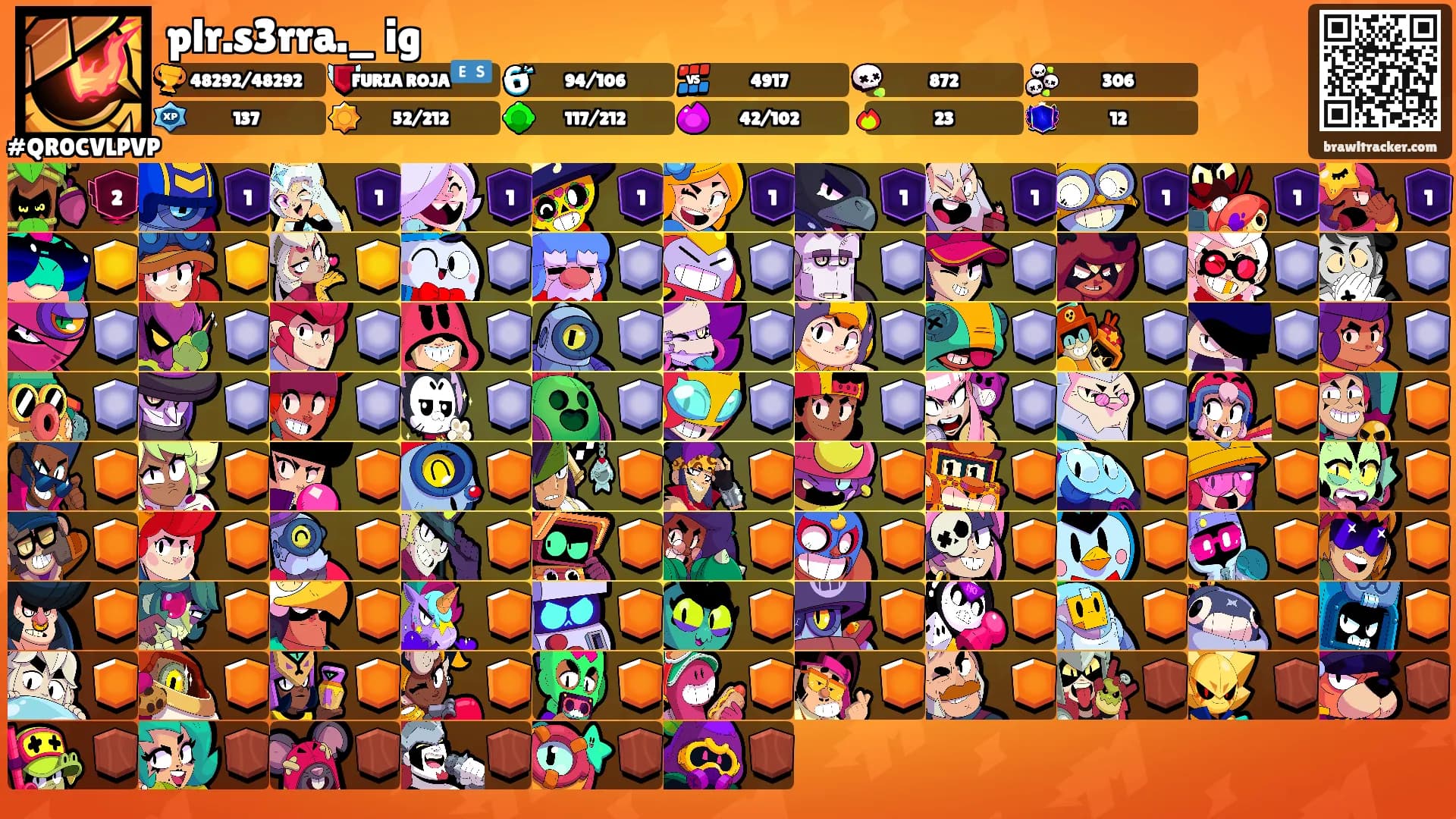 plr.s3rra._ ig's Ranks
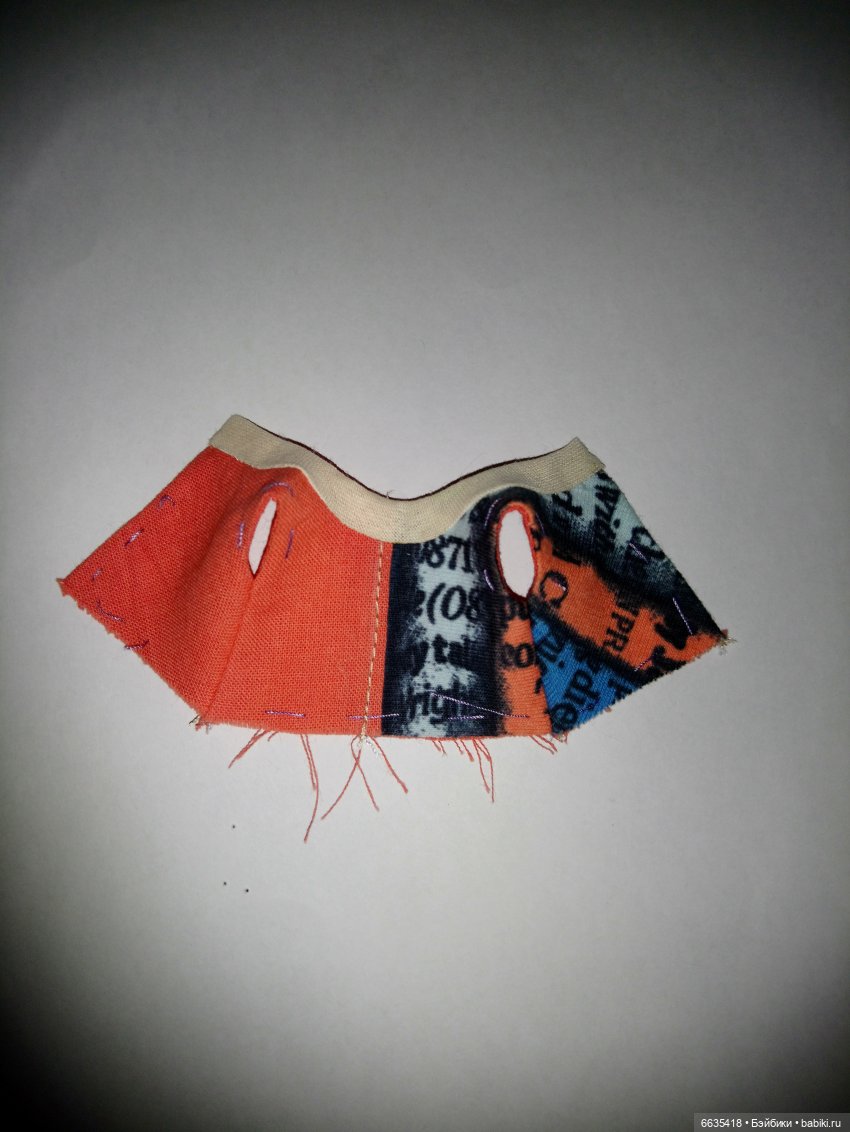 МК «ШЬЁМ КОСТЮМЧИК ДЛЯ КУКОЛ РОСТОМ 15 – 17 СМ» ЧАСТЬ 3 - «ШЬЁМ ТОП»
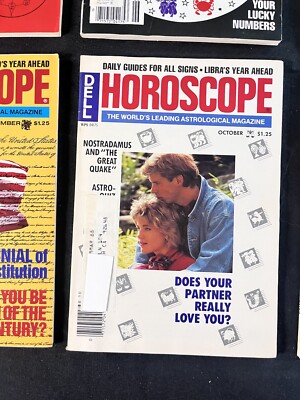 趣味 Dell Horoscope, Penny Publications, 1995 趣味 Dell Horoscope, Penny Publications, 1995 Vintage 1996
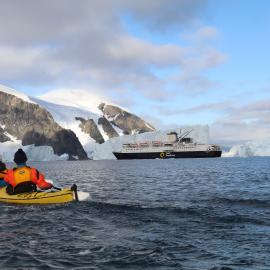 Inspiring Explorers A'aifou Kaufusi-Potemani and Owain John kayaking (002)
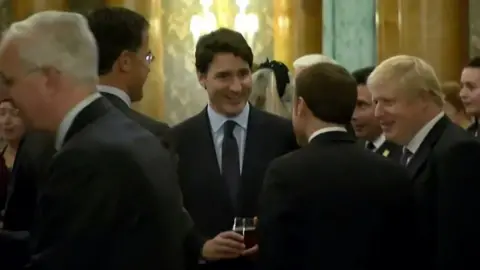 Getty Images Leaders at the Nato summit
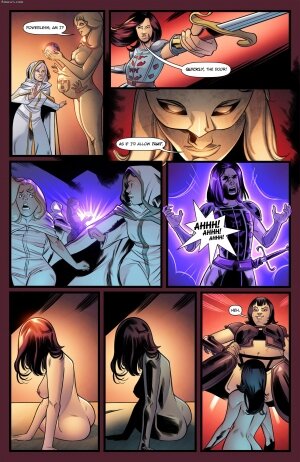 The Double Cross - Issue 1 - Page 5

● What you need to do
Return exactly the lines from the one containing "Getty Images Leaders at the Nato summit" through the end of the records, leaving out every picture.

● Exercise result
 Getty Images Leaders at the Nato summit
 The Double Cross - Issue 1 - Page 5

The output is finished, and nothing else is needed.